**DATA**
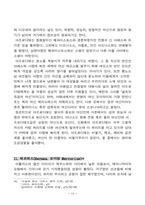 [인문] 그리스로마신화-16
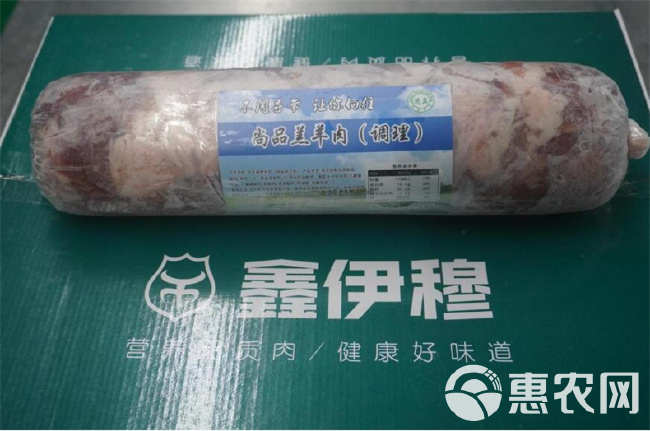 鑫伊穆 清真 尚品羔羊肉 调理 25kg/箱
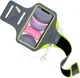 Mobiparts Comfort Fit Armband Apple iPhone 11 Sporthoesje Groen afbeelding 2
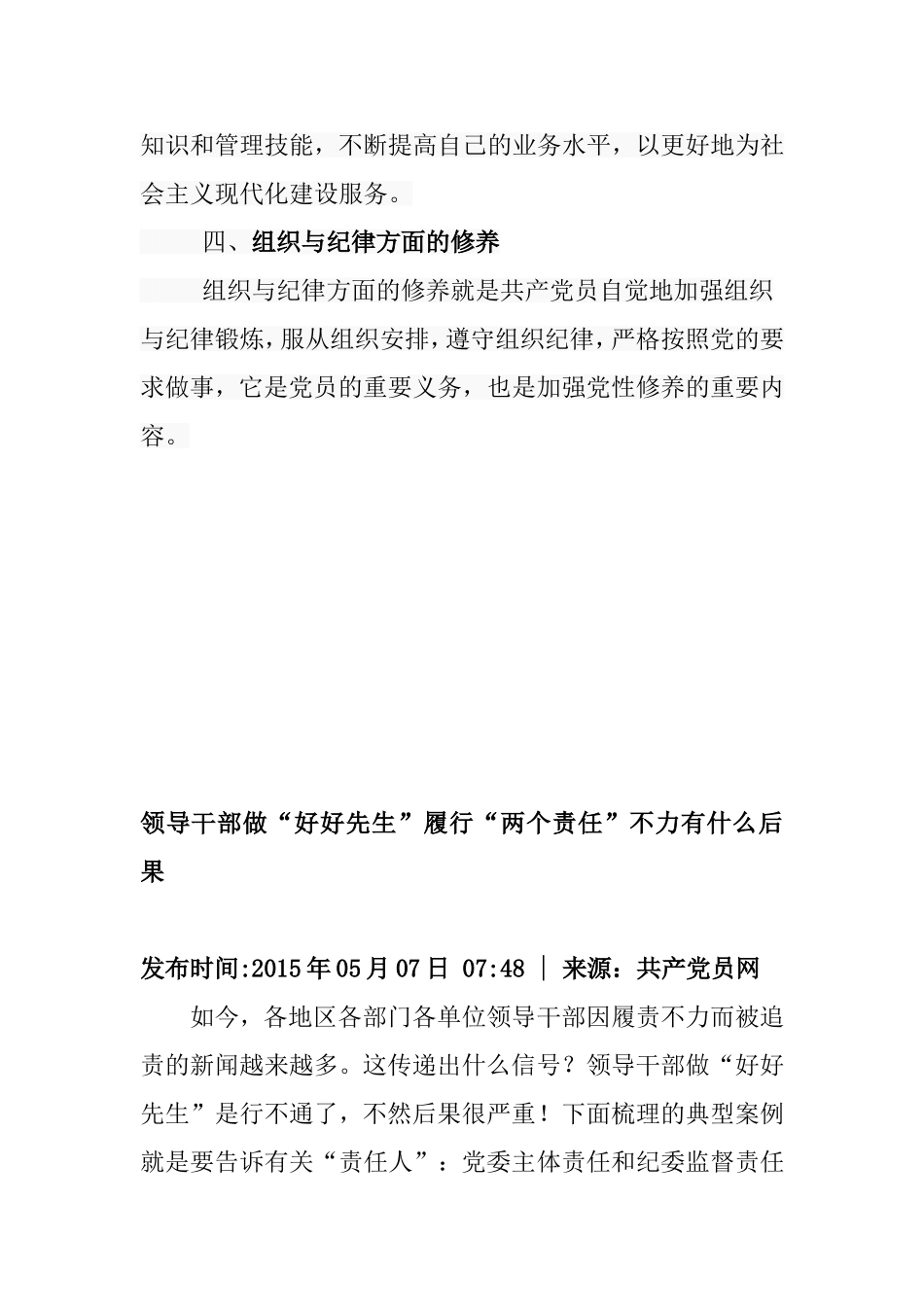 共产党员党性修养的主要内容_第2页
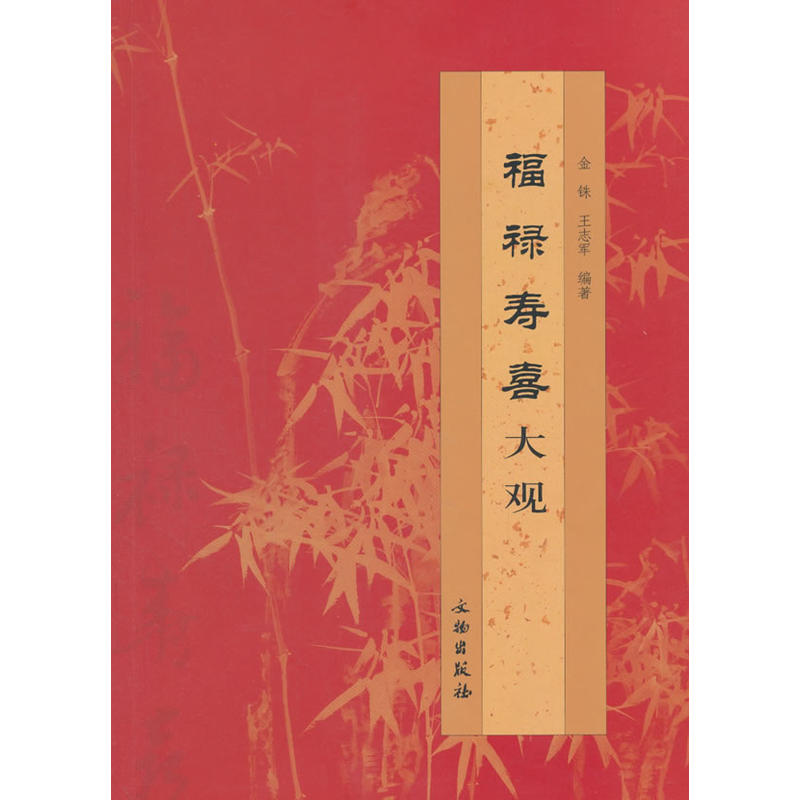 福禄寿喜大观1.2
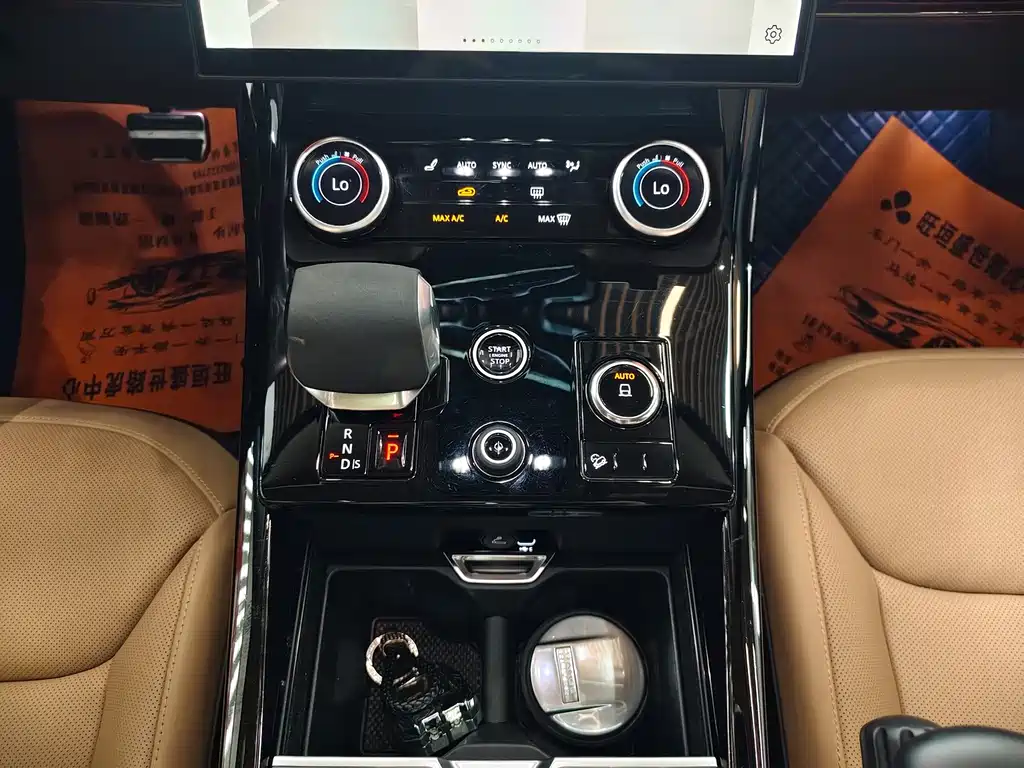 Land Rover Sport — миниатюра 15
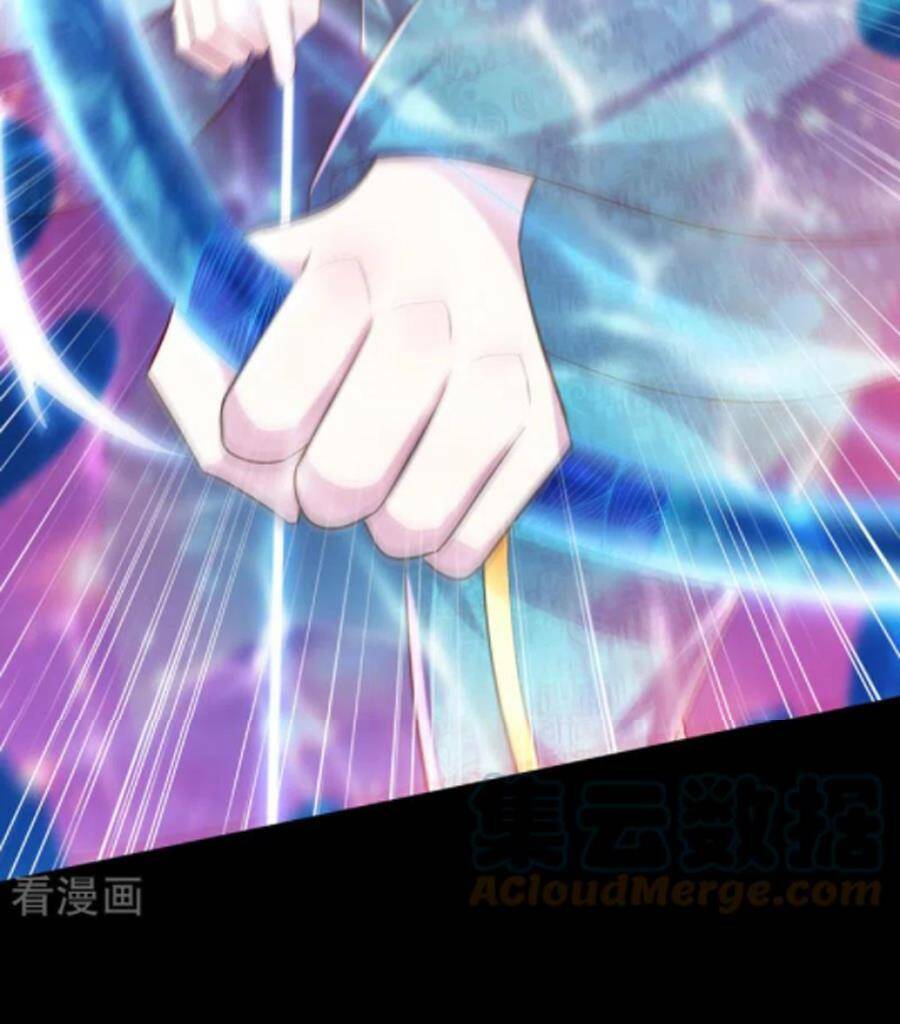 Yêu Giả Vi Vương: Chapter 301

**WHAT IS BEING ASKED**
Retype all of the material above precisely as it reads. Pictures are not part of the copy.

**EXERCISE SOLUTION**
 [인문] 그리스로마신화-16
 鑫伊穆 清真 尚品羔羊肉 调理 25kg/箱
 Mobiparts Comfort Fit Armband Apple iPhone 11 Sporthoesje Groen afbeelding 2
 共产党员党性修养的主要内容_第2页
 福禄寿喜大观1.2
 Land Rover Sport — миниатюра 15
 Yêu Giả Vi Vương: Chapter 301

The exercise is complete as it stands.